--- Problem to solve ---
From the entries below, reproduce exactly the line containing "Scott McTominay comemora gol do Napoli", the line containing "International Concept Knit", and every line in between, with nothing added.

(Short descriptive text snippets)
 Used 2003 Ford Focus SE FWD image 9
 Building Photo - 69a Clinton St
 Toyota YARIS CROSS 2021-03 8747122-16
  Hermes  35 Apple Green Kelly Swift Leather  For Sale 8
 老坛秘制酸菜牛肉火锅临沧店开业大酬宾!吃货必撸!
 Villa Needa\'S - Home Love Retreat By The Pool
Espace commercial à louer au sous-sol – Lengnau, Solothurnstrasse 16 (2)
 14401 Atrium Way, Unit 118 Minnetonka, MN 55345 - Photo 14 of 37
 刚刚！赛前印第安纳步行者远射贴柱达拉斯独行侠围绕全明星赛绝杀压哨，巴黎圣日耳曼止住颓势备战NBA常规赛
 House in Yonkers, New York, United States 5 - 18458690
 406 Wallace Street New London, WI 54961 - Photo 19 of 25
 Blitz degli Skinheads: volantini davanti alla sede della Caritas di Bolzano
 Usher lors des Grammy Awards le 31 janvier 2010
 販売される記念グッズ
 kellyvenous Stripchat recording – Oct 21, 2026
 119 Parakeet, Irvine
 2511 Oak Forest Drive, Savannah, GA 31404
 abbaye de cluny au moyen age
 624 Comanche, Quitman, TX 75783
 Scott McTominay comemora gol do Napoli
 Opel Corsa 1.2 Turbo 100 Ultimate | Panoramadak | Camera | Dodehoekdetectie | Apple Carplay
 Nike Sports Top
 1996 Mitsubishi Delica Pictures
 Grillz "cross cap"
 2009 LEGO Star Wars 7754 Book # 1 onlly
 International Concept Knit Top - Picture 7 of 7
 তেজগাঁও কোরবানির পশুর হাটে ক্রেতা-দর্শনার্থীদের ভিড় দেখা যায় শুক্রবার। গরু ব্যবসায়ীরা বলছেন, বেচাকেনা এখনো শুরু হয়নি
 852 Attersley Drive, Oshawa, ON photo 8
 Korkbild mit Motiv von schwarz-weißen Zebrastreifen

--- Task response ---
 Scott McTominay comemora gol do Napoli
 Opel Corsa 1.2 Turbo 100 Ultimate | Panoramadak | Camera | Dodehoekdetectie | Apple Carplay
 Nike Sports Top
 1996 Mitsubishi Delica Pictures
 Grillz "cross cap"
 2009 LEGO Star Wars 7754 Book # 1 onlly
 International Concept Knit Top - Picture 7 of 7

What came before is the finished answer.